To determine $G_{\mu\nu}$, we write down the properties of $G_{\mu\nu}$:

1. $G_{\mu\nu}$ is a tensor.
2. $G_{\mu\nu}$ is made out of at most second derivatives of the metric tensor, e.g. $\left(\frac{\partial g}{\partial x}\right)^2$, or $\frac{\partial^2 g}{\partial x^2}$.
3. $G_{\mu\nu}=G_{\nu\mu}$.
4. $G^{\mu\nu}{}_{;\nu} = 0$
5. On non-relativistic limit, $G_{00}\to\Delta g_{00}$.

These requirements uniquely determines the form of $G_{\mu\nu}$.
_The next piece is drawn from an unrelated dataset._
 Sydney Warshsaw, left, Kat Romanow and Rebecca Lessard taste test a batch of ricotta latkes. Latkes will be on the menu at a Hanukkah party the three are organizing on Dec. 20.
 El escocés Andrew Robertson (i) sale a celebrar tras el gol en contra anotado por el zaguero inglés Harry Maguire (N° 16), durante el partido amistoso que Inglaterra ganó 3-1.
$$G_{\mu\nu} = C_1 R_{\mu\nu}+ C_2 g_{\mu\nu} R$$

$$G^{\mu}{}_{\nu;\mu}=\left(\frac{1}{2}C_1+C_2\right)R_{;\nu}$$

therefore, $G_{\mu\nu}$ has the form $C_1(R_{\mu\nu}-\frac{1}{2}g_{\mu\nu}R)$. Take the non-relativistic limit, that is, $u^\mu \approx 0$ and the field is weak ($g_{\mu\nu} = \eta_{\mu\nu}+\delta h_{\mu\nu}$), and so is the affine connection and the Riemann tensor. Also, $R_{ij} \approx \frac{1}{2}g_{ij}R$.

$$R\equiv g^{\mu\nu} R_{\mu\nu}\approx R_{kk}-R_{00}=\frac{3}{2}R - R_{00}\\ R \approx 2R_{00}$$

$$G_{00} = C_1\left(R_{00}-\frac{1}{2}\eta_{00}R\right)=2C_1R_{00}\\ R_{\mu\nu}\approx \eta^{\lambda\sigma}R_{\lambda\mu\sigma\nu}\\ R_{00}\approx \eta^{\lambda\sigma}R_{\lambda 0\sigma 0}\\ R_{\lambda\mu\nu\kappa} = \frac{1}{2}\left[ \left(\frac{\partial^2g_{\lambda\nu}}{\partial x^\kappa\partial x^\nu}\right) _{[\lambda,\mu]} \right]_{[\nu,\kappa]} + o(\Gamma^2)\\ R_{0000} \approx 0\\ R_{i0j0} \approx \frac{1}{2}\frac{\partial^2g_{00}}{\partial x^i\partial x^j}\\ G_{00} \approx 2C_1(\frac{1}{2}g_{00}) = C_1 \Delta g_{00} \approx -8\pi G \rho\\ C_1 = 1$$

Conclusion (Einstein's field equation):

$$R_{\mu\nu}-\frac{1}{2}g_{\mu\nu}R=-8\pi G T_{\mu\nu}$$

Equivalent form:

\begin{align*} g^{\mu\nu}R_{\mu\nu}-\frac{1}{2}g^{\mu\nu}g_{\mu\nu}R&=-8\pi G T_{\mu\nu} g^{\mu\nu}\\ R-2R&=-8\pi G T^{\nu}{}_{\nu}\\ R&=8\pi G T^{\nu}{}_{\nu}\\ R_{\mu\nu}&=-8\pi G \left(T_{\mu\nu}-\frac{1}{2}g_{\mu\nu}T^\lambda{}_\lambda\right)\\ \end{align*}

In vacuum, $T=0$, therefore $R_{\mu\nu}=0$, this is how gravitational waves are calculated, which does not imply Riemann tensor is $0$. In fact, even when $R_{\mu\nu}$ is $0$, $g_{\mu\nu}$ can still oscillate through spacetime.

(then a discussion about the cosmological constant).